La ministre de l’Éducation nationale et Nouvelle Citoyenneté, Raïssa Malu Dinanga, a lancé ce lundi 22 juin la session ordinaire de l’examen d’État dans la province éducationnelle du Haut-Katanga 1, à Lubumbashi. La cérémonie s’est tenue au lycée Tuendeleye en présence des autorités éducatives et administratives.
Dans cette province, 85 908 candidats, dont 43 556 filles, participent à cette épreuve certificative qui marque la fin du cycle secondaire. À cette occasion, la ministre a rappelé l’importance du respect des principes de mérite, d’équité et de transparence dans l’organisation des examens.
« L’examen d’État certifie les acquis des élèves, mesure la solidité des apprentissages, interroge la qualité de l’encadrement pédagogique et engage la crédibilité de notre système éducatif. Un diplôme n’a de valeur que s’il repose sur le mérite, la transparence, l’équité et la rigueur », a déclaré Raïssa Malu Dinanga.

Elle a également exhorté tous les acteurs impliqués à faire preuve de responsabilité afin de garantir la crédibilité de cette évaluation nationale.

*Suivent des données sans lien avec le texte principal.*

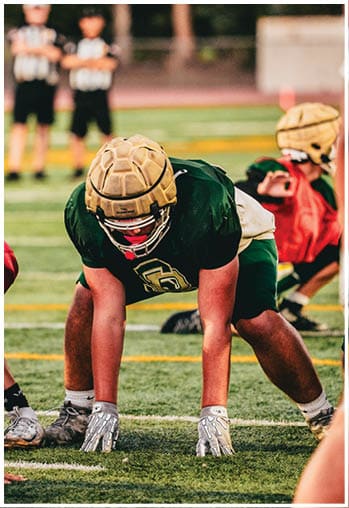 People in athletic gear are positioned on a football field in a ready stance, preparing for a play. Description generated by AI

« Aucune fraude, aucune complaisance, aucune pression extérieure ni aucun trafic d’influence ne doivent être tolérés. La crédibilité de l’évaluation dépend de toute la chaîne éducative. Chacun doit assumer ses responsabilités avec discipline, impartialité et sens de l’intérêt général », a-t-elle insisté.
Après le lancement des épreuves, la ministre a procédé à l’inauguration de l’antenne locale du Centre national de correction des examens d’État. Créée en 2025, cette structure est chargée de la numérisation des copies par scan, afin d’accélérer le processus de correction et la publication des résultats.